---------- Supplied material ----------
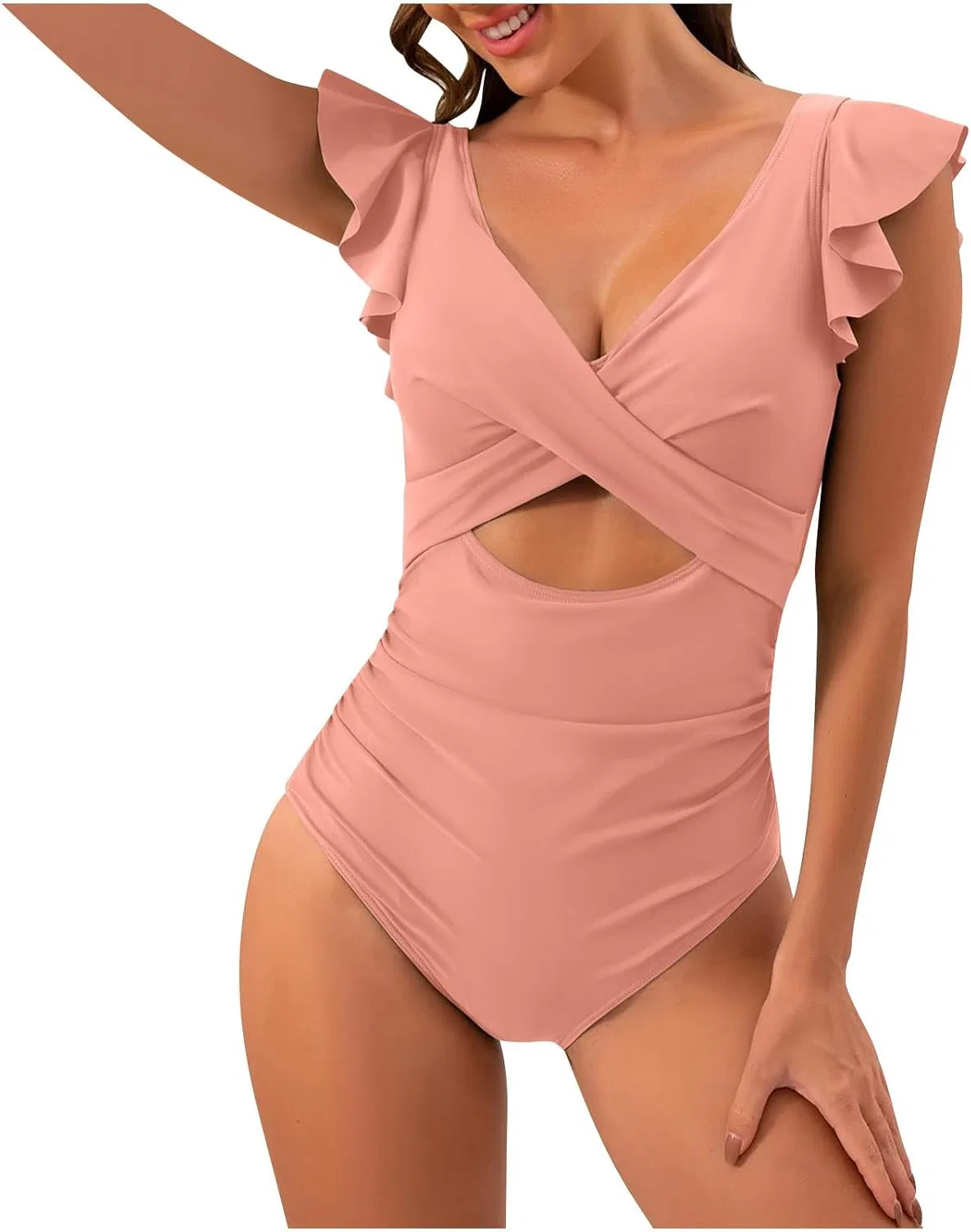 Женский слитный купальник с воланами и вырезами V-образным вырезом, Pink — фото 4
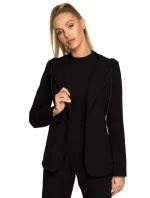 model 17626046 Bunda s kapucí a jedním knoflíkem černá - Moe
----------
---------- Supplied material ----------
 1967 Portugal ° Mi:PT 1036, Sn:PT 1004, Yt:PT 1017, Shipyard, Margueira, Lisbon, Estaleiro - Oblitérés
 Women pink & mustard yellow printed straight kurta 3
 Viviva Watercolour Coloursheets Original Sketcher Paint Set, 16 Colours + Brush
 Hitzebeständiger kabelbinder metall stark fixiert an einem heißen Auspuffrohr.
----------
● **Problem**: Going back to the entries above, set down exactly the lines that begin at the one with "Women pink &" and end at the one with "Hitzebeständiger kabelbinder metall", both included, and nothing else.

● **Reply**:
 Women pink & mustard yellow printed straight kurta 3
 Viviva Watercolour Coloursheets Original Sketcher Paint Set, 16 Colours + Brush
 Hitzebeständiger kabelbinder metall stark fixiert an einem heißen Auspuffrohr.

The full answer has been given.